Return, exactly and with nothing added, the line with "カウンター (一枚板） オーダーイメージ | 千年家具 - 一枚板 テーブル" together with all lines after it through the end of the data below. No pictures belong in the copy.

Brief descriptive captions

--------------------

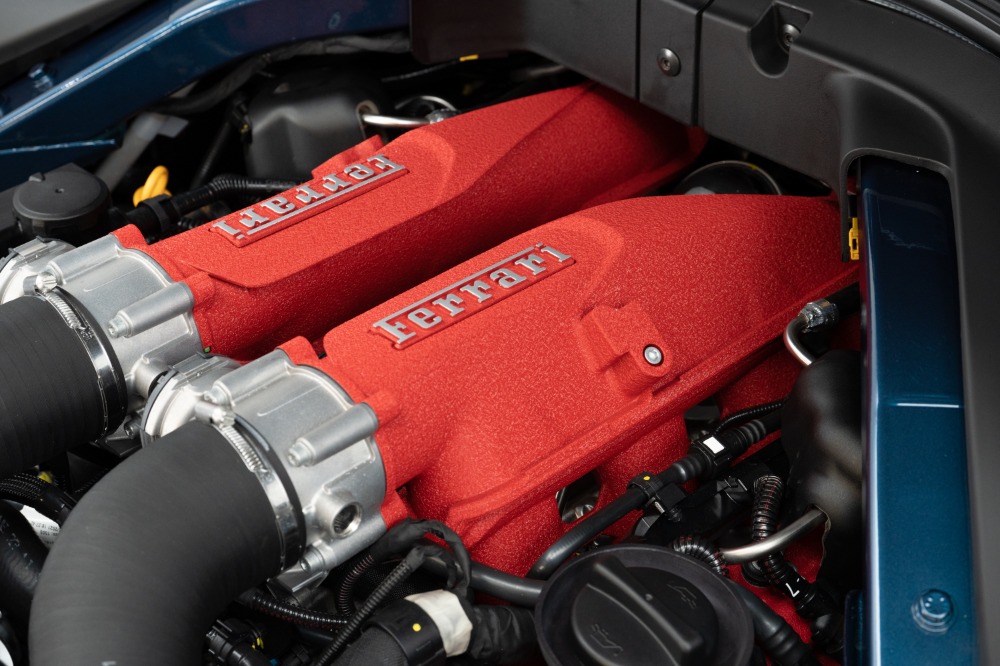Used 2022 Ferrari Roma Used 2022 Ferrari Roma for sale Sold at Cauley Ferrari in West Bloomfield MI 89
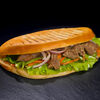 Шаурма говяжья в булке в Bigburger по цене 287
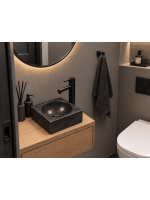 Kamenné umývadlo Handwash Black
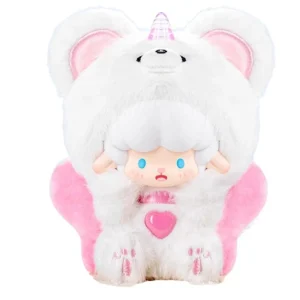 Gyun Critter Crew Pendentif Hybride Peluche Résine 18 cm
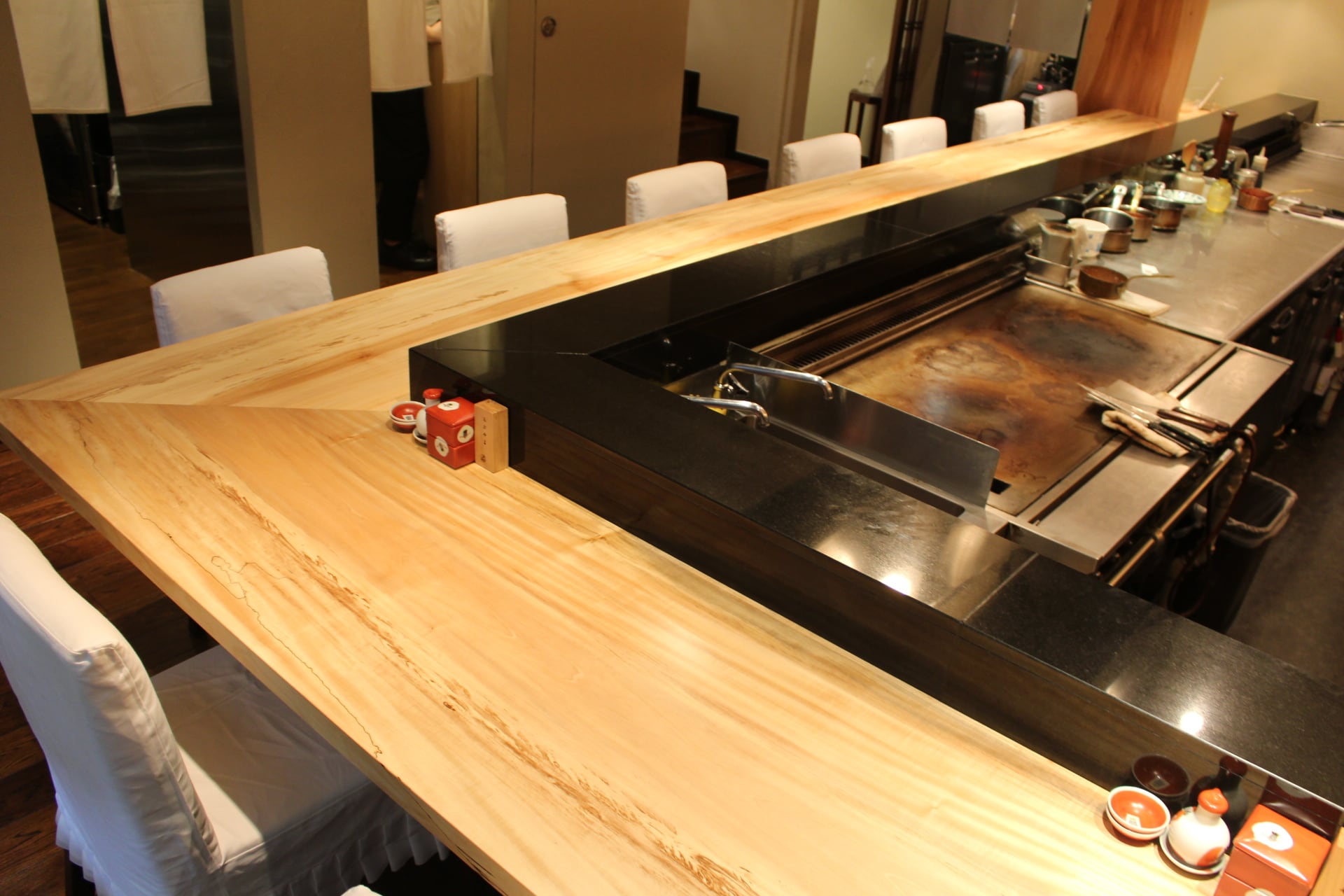 カウンター (一枚板） オーダーイメージ | 千年家具 - 一枚板 テーブル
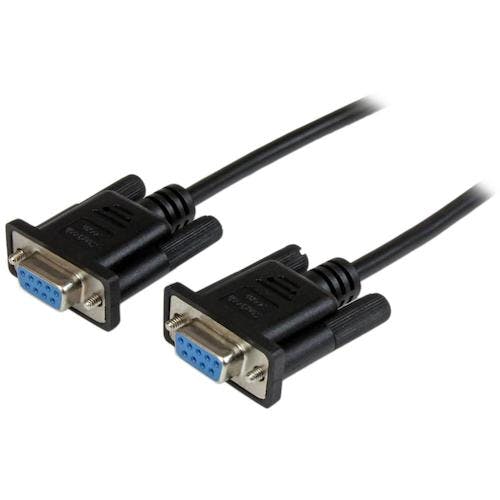 STARTECH.COM社 シリアルケーブル/RS232Cクロス/2m/DB9/メス・メス/ブラック SCNM9FF2MBK 接続ケーブル STARTECH.COM社 シリアルケーブル/RS232Cクロス/2m/DB9/メス・メス/ブラック SCNM9FF2MBK 接続ケーブル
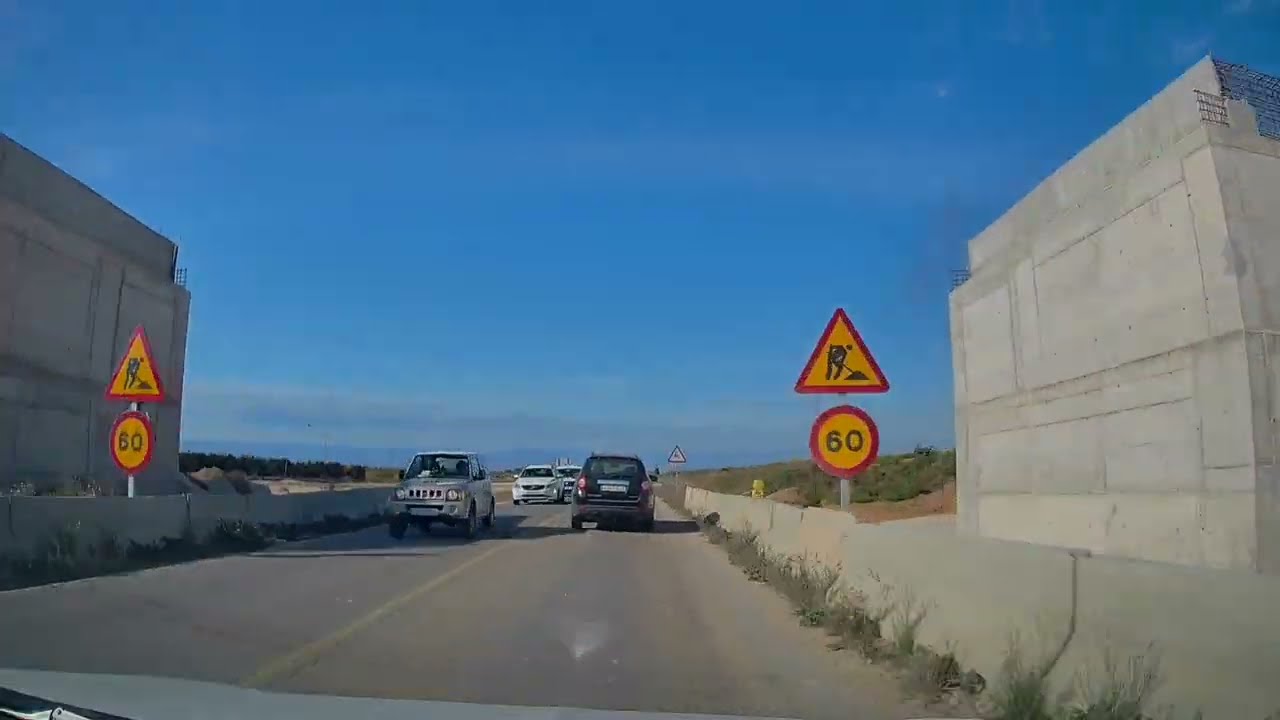 En cotxe al Pitch&Putt de Panorámica Golf Sant Jordi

--------------------

* [Problem solution]:
 カウンター (一枚板） オーダーイメージ | 千年家具 - 一枚板 テーブル
 STARTECH.COM社 シリアルケーブル/RS232Cクロス/2m/DB9/メス・メス/ブラック SCNM9FF2MBK 接続ケーブル STARTECH.COM社 シリアルケーブル/RS232Cクロス/2m/DB9/メス・メス/ブラック SCNM9FF2MBK 接続ケーブル
 En cotxe al Pitch&Putt de Panorámica Golf Sant Jordi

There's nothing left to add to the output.